Ce film, à peine sorti de la salle de montage, a reçu une avalanche d'éloges, de superlatifs, de comparaisons glorieuses aux plus grands chefs-d'œuvre incontestés du septième art, tout en ayant le droit à son gros lot de récompenses parmi les plus prestigieuses. Est-ce mérité selon moi, selon mon avis bien personnel qui n'engage que moi ? Non, absolument pas.

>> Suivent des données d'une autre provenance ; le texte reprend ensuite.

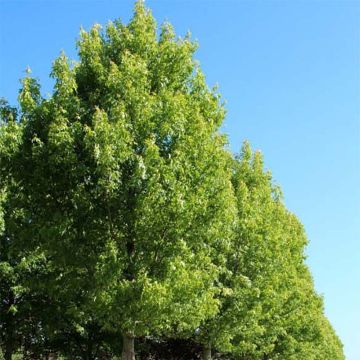 Acer saccharinum Pyramidale - Érable argenté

Alors, je tiens quand même à débuter sur du gros positif. Des points de vue des décors, de la photographique, des costumes, bref, de la mise en scène visuelle et technique en général, cela en dégage pas mal. Il y a une telle ampleur dans tout ceci, un tel degré de grandeur (accentué, évidemment, par l'utilisation du VistaVision !) que j'ai été complètement estomaqué quand j'ai appris que le budget d'ensemble était de moins de dix millions de dollars et que le tournage a juste duré un mois et demi. On m'aurait dit que le tournage de ce film (avec les lourdes contraintes qu'une reconstitution d'une période passée depuis un bon moment implique !) avait duré six mois, avec un budget de cent millions, je l'aurais cru volontiers. Mais, cependant, toujours sur la mise en scène, niveau maquillages, si on fait abstraction de la toute fin, les personnages ont la capacité impressionnante de ne pas prendre la plus petite ride.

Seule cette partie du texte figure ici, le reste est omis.